As the July 19 deadline to submit a bid for continued management of the Los Alamos National Laboratory (LANL) approaches, the University of California is working to stem the facility’s all-time high retirement rate to keep its expert scientists from leaving.
James Rickman, Los Alamos National Laboratory spokesman, said 178 workers have declared their retirement this fiscal year and another 298 retirements are pending — a potential 90 percent increase from the number of retirements last year. During the 2003 fiscal year, 3 percent of the workforce retired, while 3.1 percent of the workforce retired in 2004. Rickman said LANL officials are becoming concerned about the loss of much-needed knowledge the retirements that could result as scientists leave the lab and their projects are be taken up by new, less-experienced hires.
Rickman said he thinks the dramatic increase in retirement could be caused by the currently undecided fate of the lab and whether the options and benefits offered in the current UC retirement packages would change and become less comprehensive if another competitor won the bid.
“Once the competition was announced, there was a considerable amount of anxiety,” Rickman said. “People have told us they are interested in pursuing retirement due to uncertainty in the [lab’s] contract.”
Leaders from the UC and Congressional representatives also recently visited the lab to try to encourage LANL employees to wait until the bid has been awarded before deciding to retire, Rickman said.
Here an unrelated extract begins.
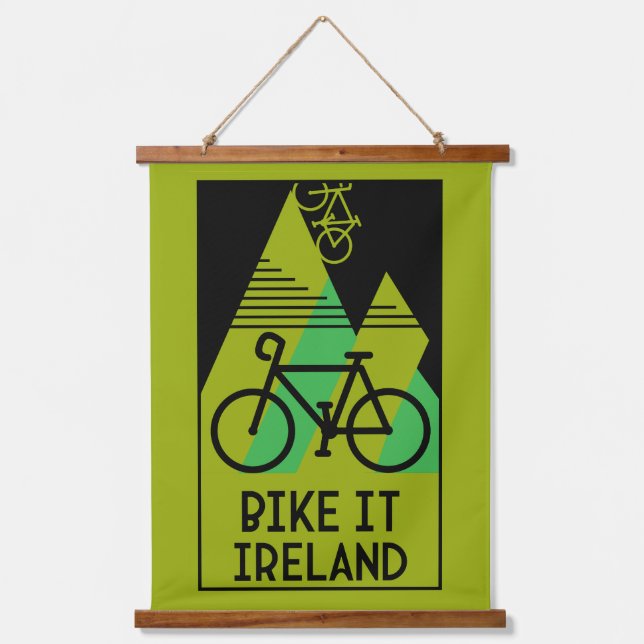 Tapiz Con Marco De Madera Irlanda en bicicleta (Anverso)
“They came and basically all had the same message of ‘Hold your horses. Don’t retire yet until you see how the contract comes out,'” Rickman said.
Rickman said the lab is also trying to fill already-vacated positions.
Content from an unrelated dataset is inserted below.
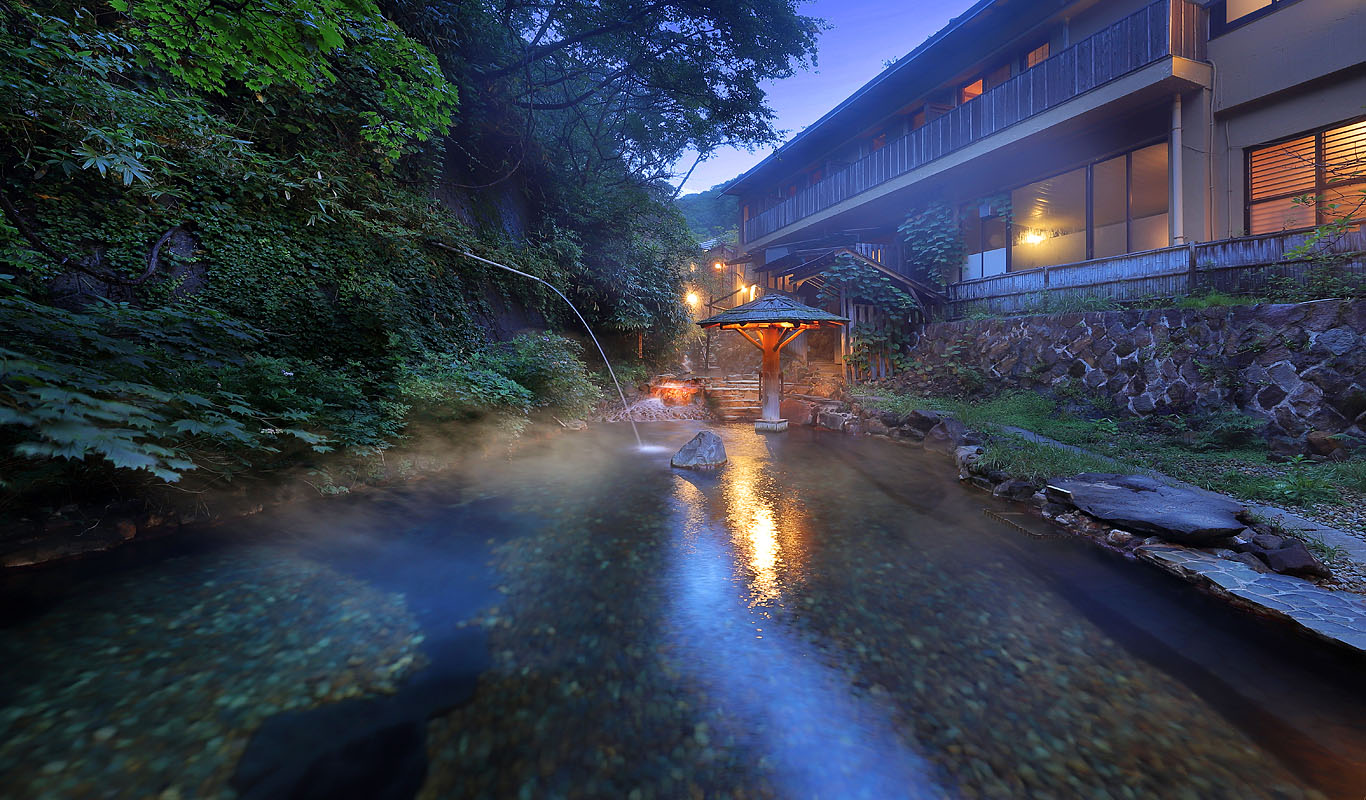 大丸温泉旅館 — 那須・湯本 · 茶臼岳東麓、川全体が湯船となる名物「川の湯」の夕景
“We believe that we are still an attractive place to come work at,” he said. “The laboratory is actively in the process of recruiting the next generation to work at Los Alamos.”
Meanwhile, UC spokesman Chris Harrington said the University’s bid proposal team is working “24 hours a day, seven days a week” at an undisclosed location to ensure that the UC has a strong bid proposal to submit to the U.S. Dept. of Energy’s National Nuclear Security Administration (NNSA).
“We are entering this with the intent to win,” Harrington said. “We clearly believe that we have a strong winning proposal.”
The Dept. of Energy announced in 2003 that it would put the Los Alamos contract up for competitive bid because of alleged mismanagement by the University. This is the first time the UC has had to compete for management of the laboratory in its roughly 60-year stewardship.
Harrington said the contract the UC is now competing for covers a seven-year period and includes the possibility of an additional 13-year renewal by the NNSA. While the University currently earns about $8.7 million per year from running the laboratory, the NNSA bid guidelines require that competitors ask for between $53 and $79 million per year.
The UC’s only competitor in the process is the University of Texas, which announced earlier this year that it — along with its corporate partner, Lockheed Martin — would compete for management of the lab.
“We believe we have the winning combination to win this bid,” University of Texas Chancellor Mark Yudof said in a May press release. “We wouldn’t be entering if we didn’t think we would be successful.”